Using Reddit, retail investors came together to act “collectively” on certain stocks. According to data firm S3 Partners, by 27 January short sellers had accumulated losses of more than $5 billion in 2021.
As Guy Warren, CEO of FinTech ITRS Group noted, “Until now, retail trading activity has never been able to move the market one way or another. However, following the successful coordination by a large group of traders, the power dynamic has shifted; exposing the vulnerability of the market as well as the weaknesses in firms' trading systems.”

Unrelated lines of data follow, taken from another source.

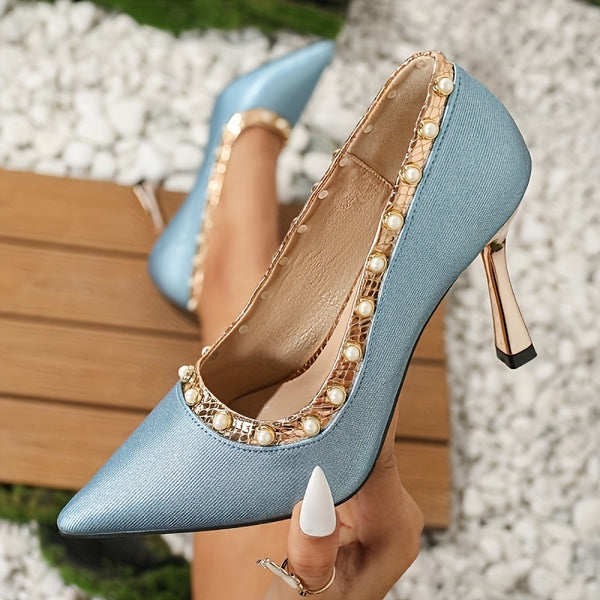Peacock blue pearl studded heels, chic mid-height pumps with pointed toe, perfect for stylish events and parties.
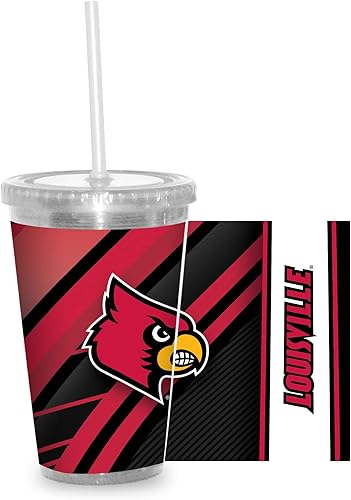 Miniatura 40 de Rico Industries NCAA Sports Team - Vaso transparente de 16 onzas con pajilla, vaso de viaje del color del equipo para fanáticos de los deportes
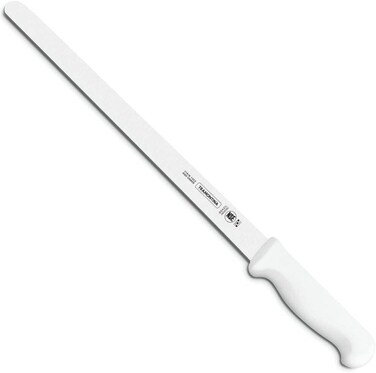 Tramontina Since 1911, Made In Brazil Professional 12 Inches Plain Edge Slicer Knife For Cold Cuts With Stainless Steel Blade And White Polypropylene Handle With Antimicrobial Protection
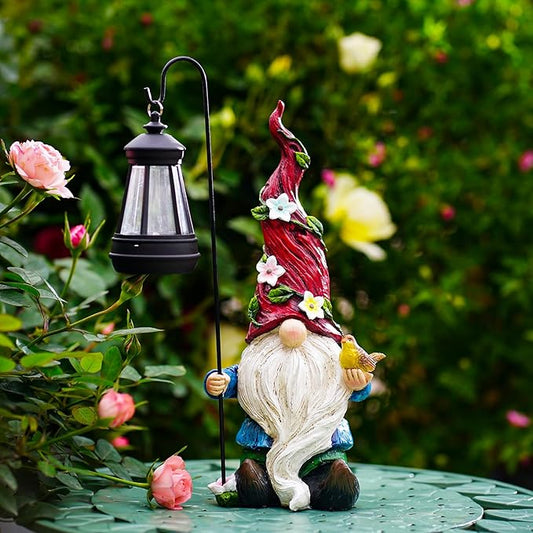 Garden Gnomes Outdoor Statue with Solar Lights,Solar Gnomes Decorations for Yard Outdoor gnome Decorations for Garden, Patio Gnome Gifts for Mom-VerdiqueGarden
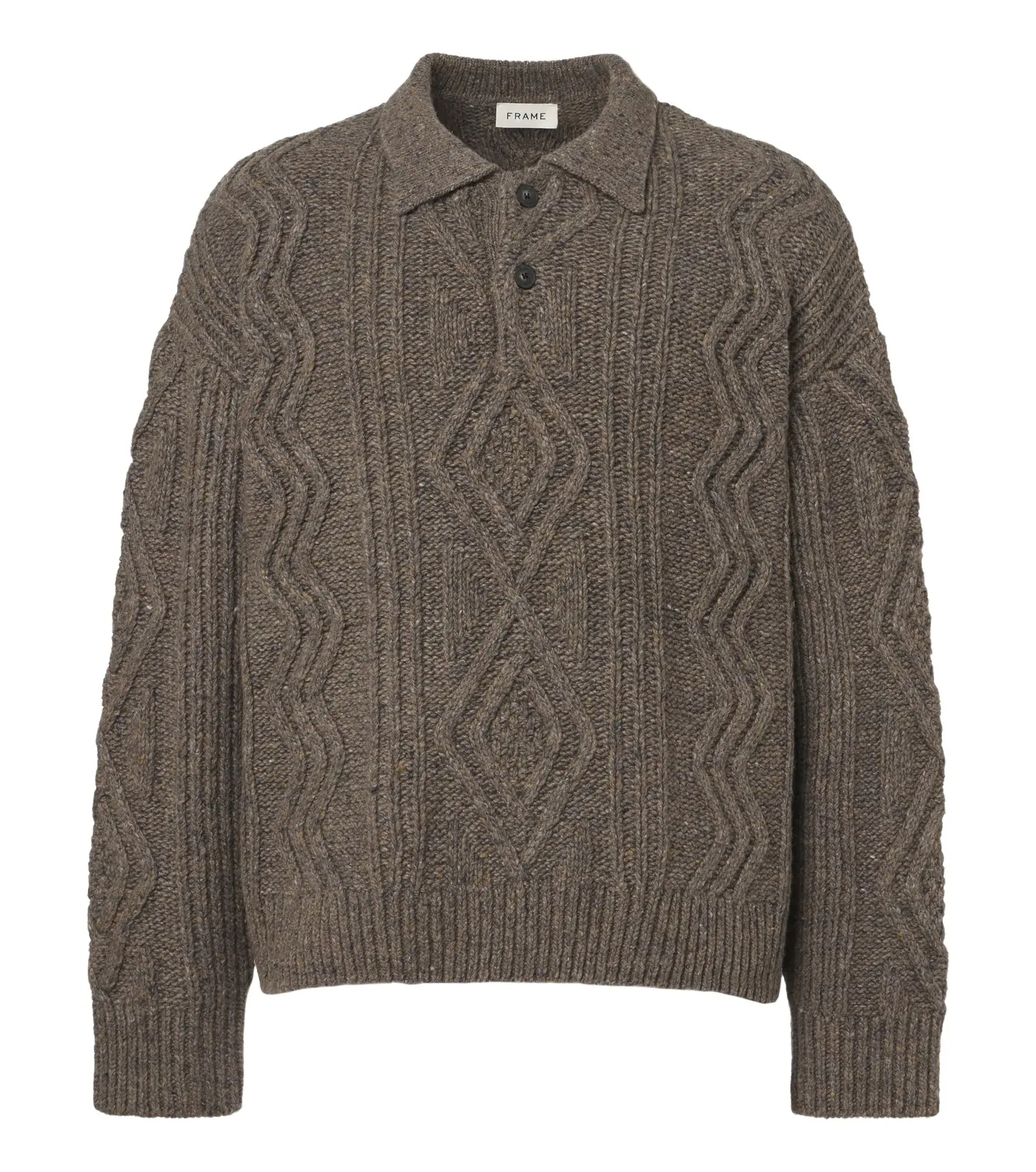 Cable-knit wool and alpaca-blend polo sweater Cable-knit wool and alpaca-blend polo sweater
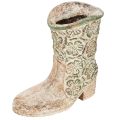 Cowboy Boot Planter 24cm Vintage Flower Pattern Polyresin Brown | Floristik24.co.uk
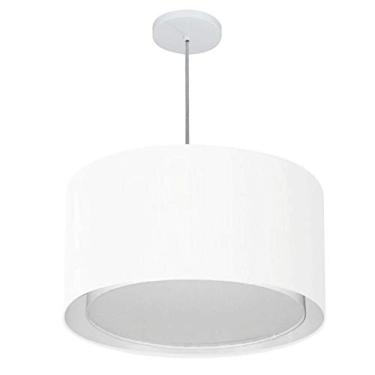 Imagem de Lustre Pendente Cilíndrico Duplo Cúpula Tecido 30/45x40 cm, Vivare Iluminação, Pendente4293 BR, Branco, Médio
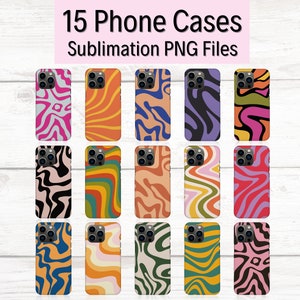 15 Retro Sublimation Phone Case Designs, Retro Phone Case PNG, Phone Case Bundle, Retro Phone Template, iPhone Case Template, iPhone Designs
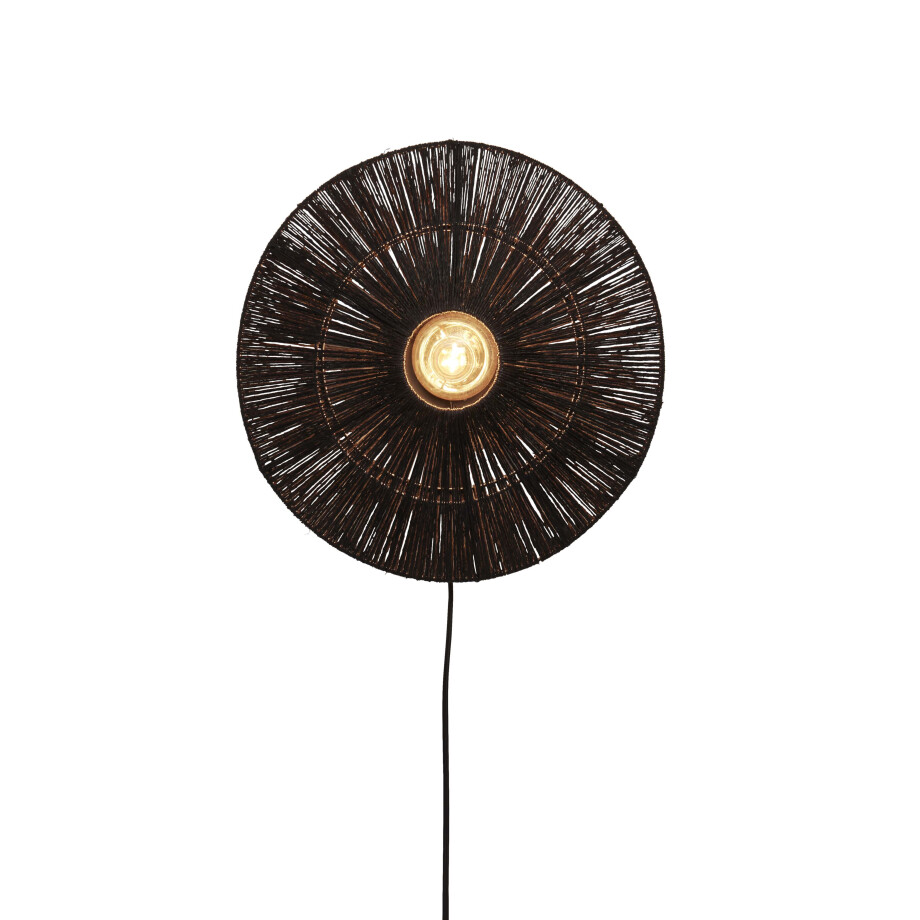 GOOD&MOJO Wandlamp 'Iguazu' Jute, 40cm, kleur Zwart GOOD&MOJO Wandlamp 'Iguazu' Jute, 40cm, kleur Zwart afbeelding 1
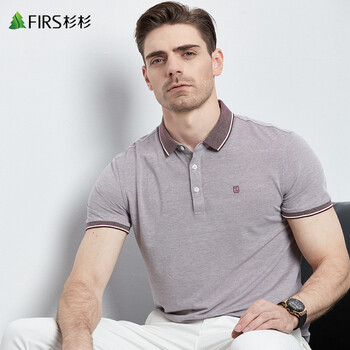 杉杉logo刺绣短袖t恤男2022夏季新款休闲透气商务男士polo633浅玫红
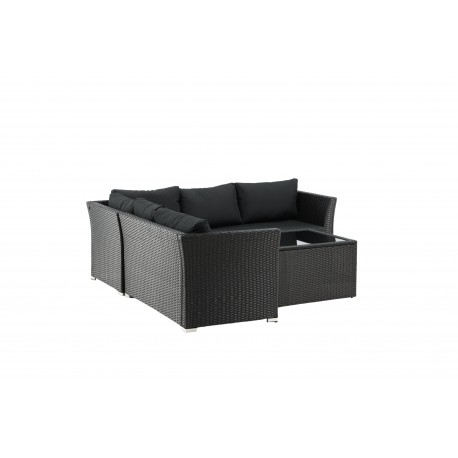 Moderne Haiti Have Hjørnesofa - Sort Rattan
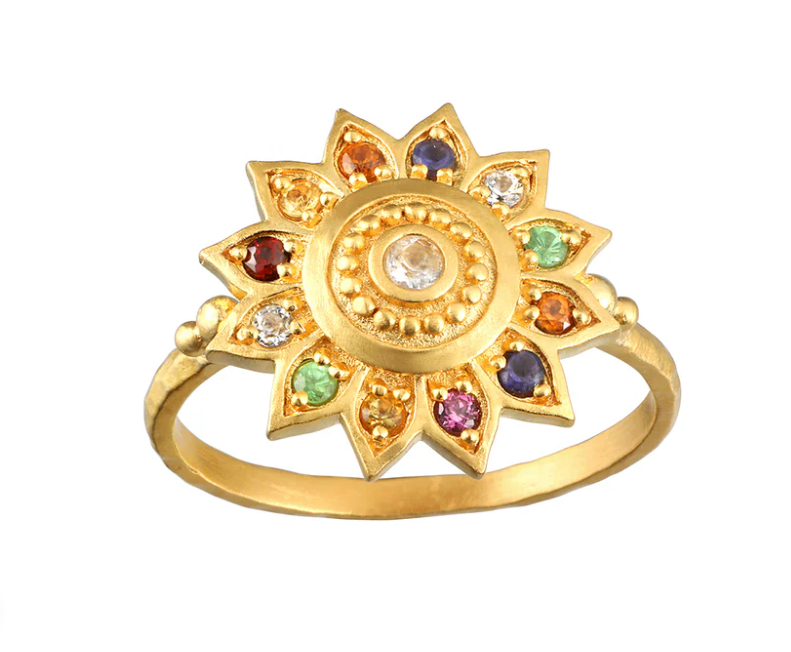 MULTI STONE LOTUS RING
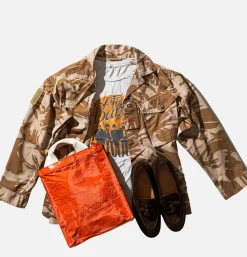 Covered Parachute Document Bag Orange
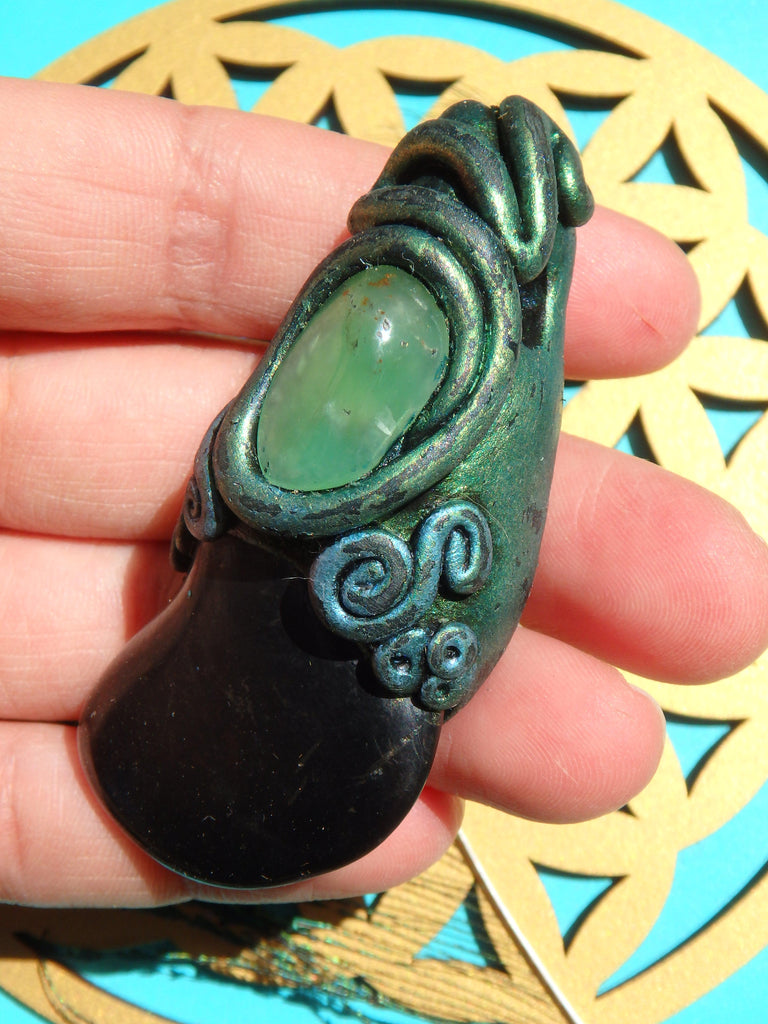 EMF Protection Shungite & Green Chrysoprase Handmade Energy Pendant (On Adjustable Cotton Cord) - Earth Family Crystals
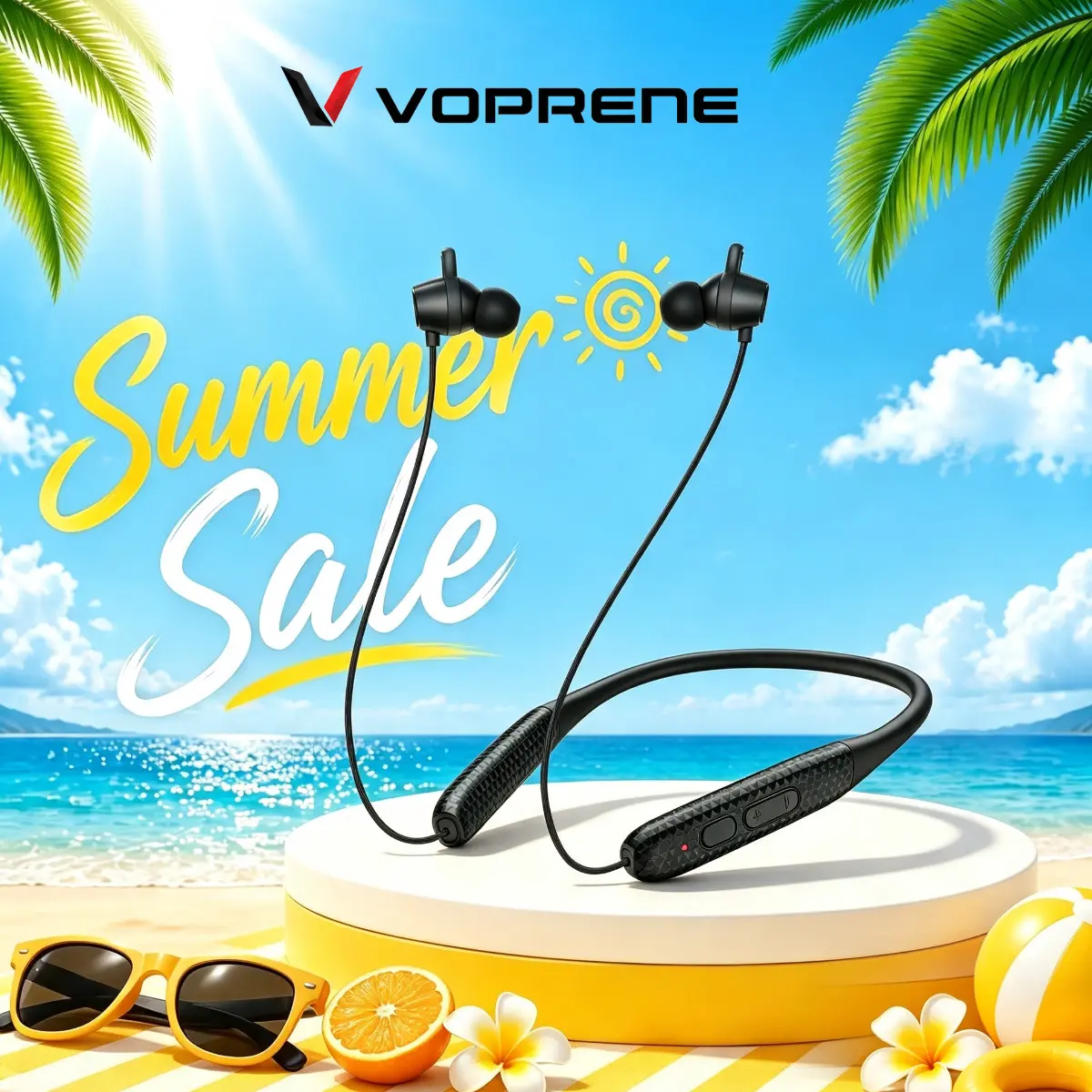 Voprene Neckband Bluetooth Earbuds - 48H Playtime Battery-Powered ANC Wireless Headphones, Silicone Memory Foam Fit, Water Resistant for Gym, Running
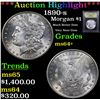 Image 1 : ***Auction Highlight*** 1890-s Morgan Dollar $1 Graded Choice+ Unc By USCG (fc)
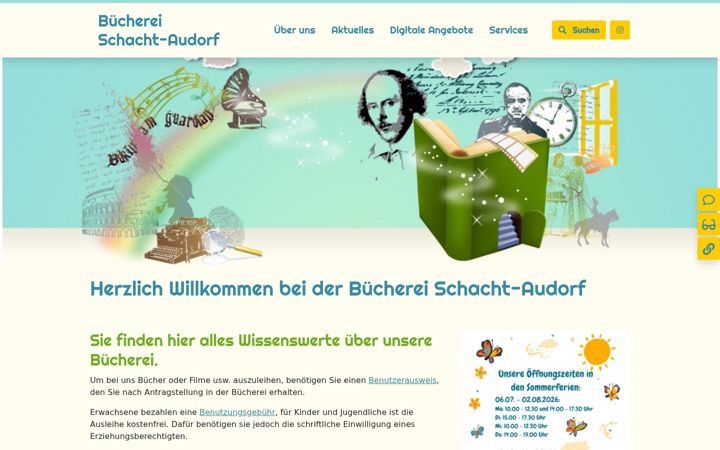 Screenshot of buecherei-schacht-audorf.de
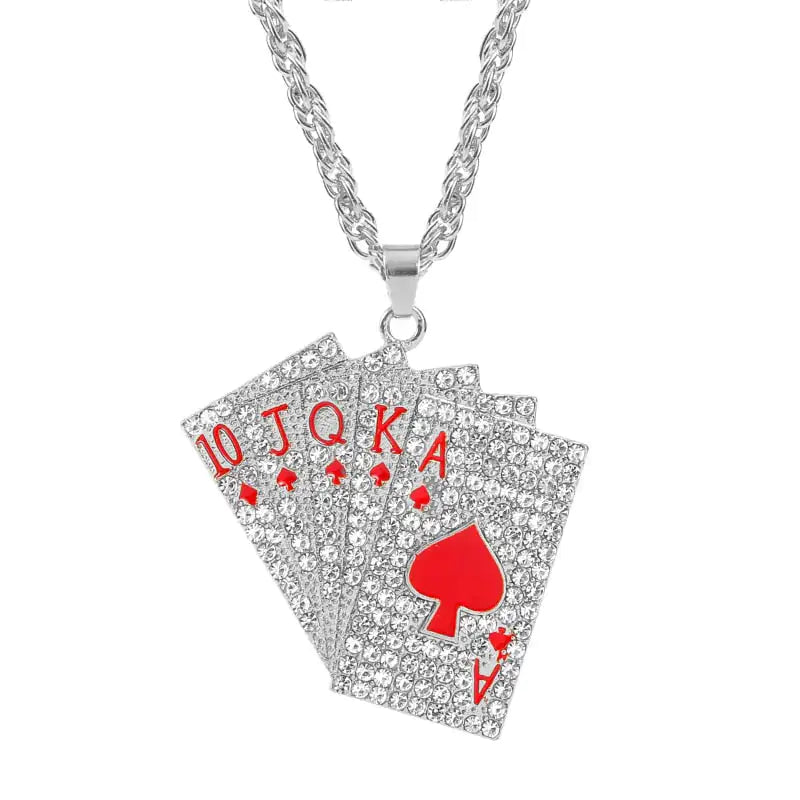 Playing Cards Pendant Necklace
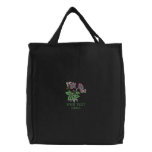 Customizable floral embroidered canvas tote bag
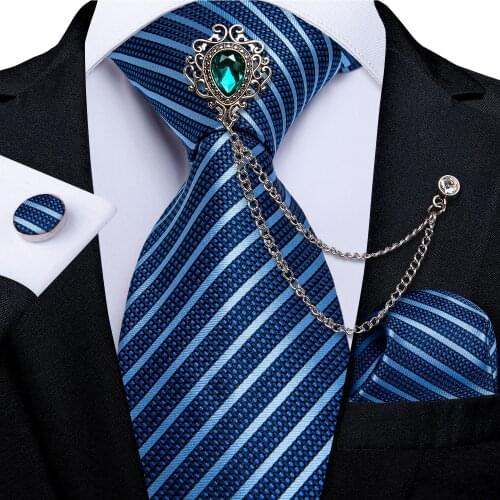 New Arrival 100% Silk Mens Tie 8cm Striped Classic Business Neck Tie Pocket Square Formal Dress Cravat Dropshipping DiBanGu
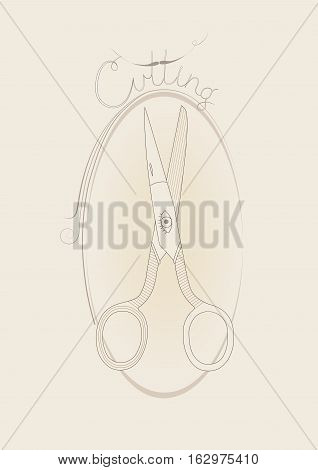 Scissors on a beige background. Vector card illustration.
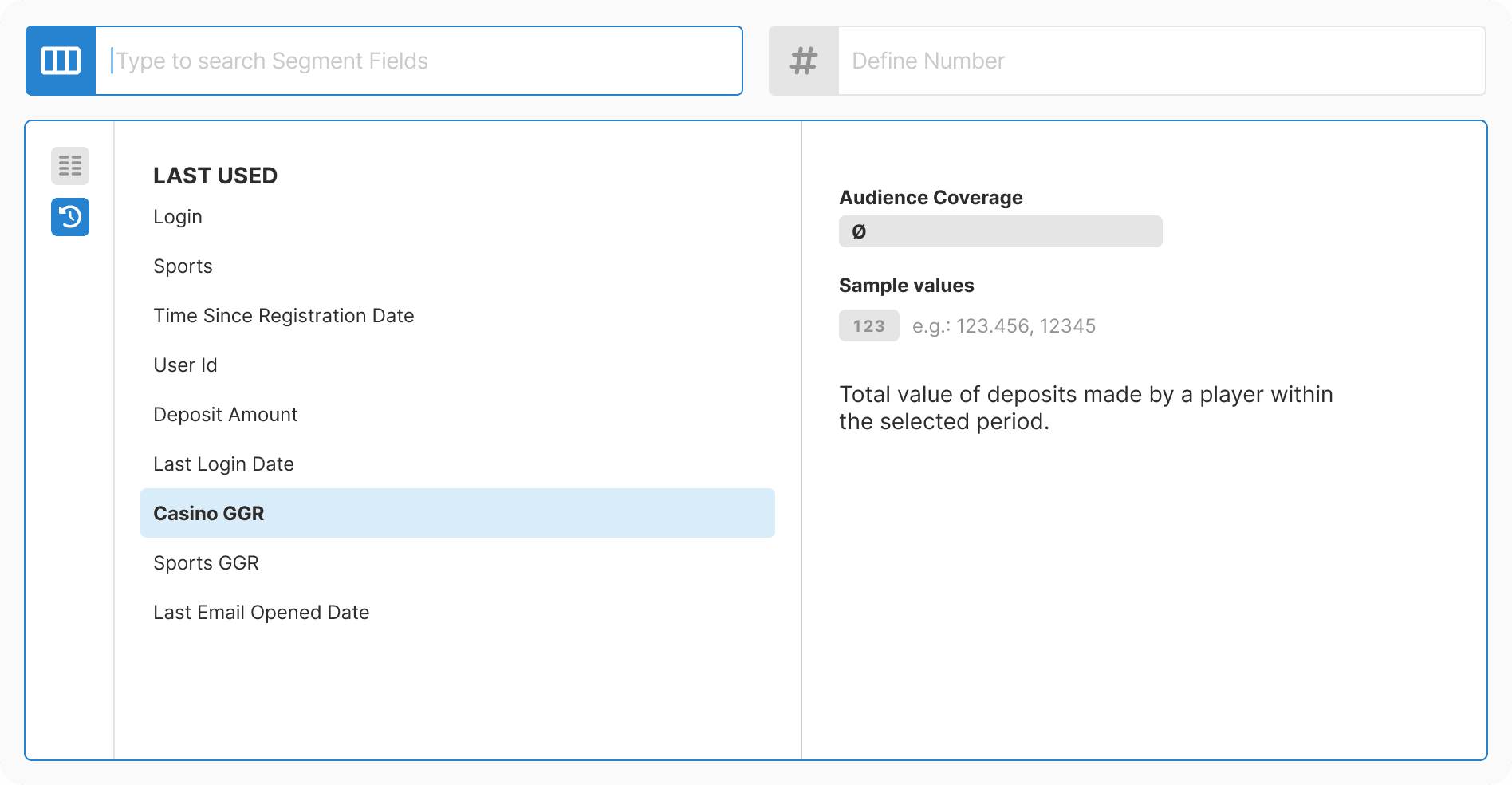 Recently used field selected with metadata panel visible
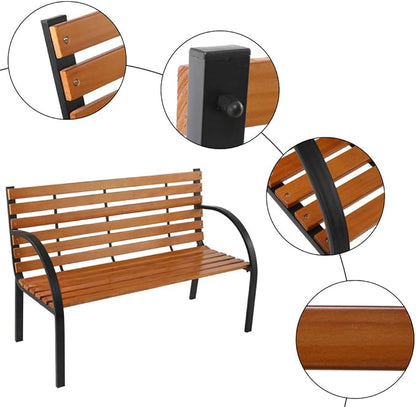 Patio Bench,Outdoor Garden Bench Park Bench, Patio Bench Chair with Cast Iron & Hardwood Structure, Weather Proof Porch Outdoor Furniture Loveseat, Perfect for Backyard, Deck, Lawn, Poolside (D)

Whilst GameStop represented social media-driven herding rather than algorithm-driven herding, it demonstrates the systemic risks when large numbers of retail investors coordinate their behaviour, whether through Reddit threads or similar AI recommendations. The risk models of certain hedge funds and institutional investors proved themselves inadequate in a situation like the one that unfolded in January. As such an event had never happened before, risk models were subsequently not equipped to manage them.
Multiple major regulatory bodies have raised concerns about AI in financial markets, including the Bank of England, the European Central Bank, the U.S. Securities and Exchange Commission, the Dutch Authority for the Financial Markets, the International Organization of Securities Commissions, and the Financial Stability Board. Regulatory authorities are concerned about the potential for deep and reinforcement learning-based trading algorithms to engage in or facilitate market abuse. As the Dutch Authority for the Financial Markets has noted, naively programmed reinforcement learning algorithms could inadvertently learn to manipulate markets.
Research from Wharton professors confirms concerns about AI-driven market manipulation, emphasising the risk of AI collusion. Their research reveals the mechanisms behind AI collusion and demonstrates which mechanism dominates under different trading environments. Despite AI's perceived ability to enhance efficiency, recent research demonstrates the ever-present risk of AI-powered market manipulation through collusive trading, despite AI having no intention of collusion.
CFTC Commissioner Kristin Johnson expressed deep concern about the potential for abuse of AI technologies to facilitate fraud in markets, calling for heightened penalties for those who intentionally use AI technologies to engage in fraud, market manipulation, or the evasion of regulations.
The SEC's concerns are equally serious. Techniques such as deepfakes on social media to artificially inflate stock prices or disseminate false information pose substantial risks. The SEC has prioritised combating these activities, leveraging its in-house AI expertise to monitor the market for malicious conduct.
In March 2024, the SEC announced that San Francisco-based Global Predictions, along with Toronto-based Delphia, would pay a combined $400,000 in fines for falsely claiming to use artificial intelligence. SEC Chair Gensler has warned businesses against “AI washing”, making misleading AI-related claims similar to greenwashing. Within the past year, the SEC commenced four enforcement actions against registrants for misrepresentation of AI's purported capability, scope, and usage.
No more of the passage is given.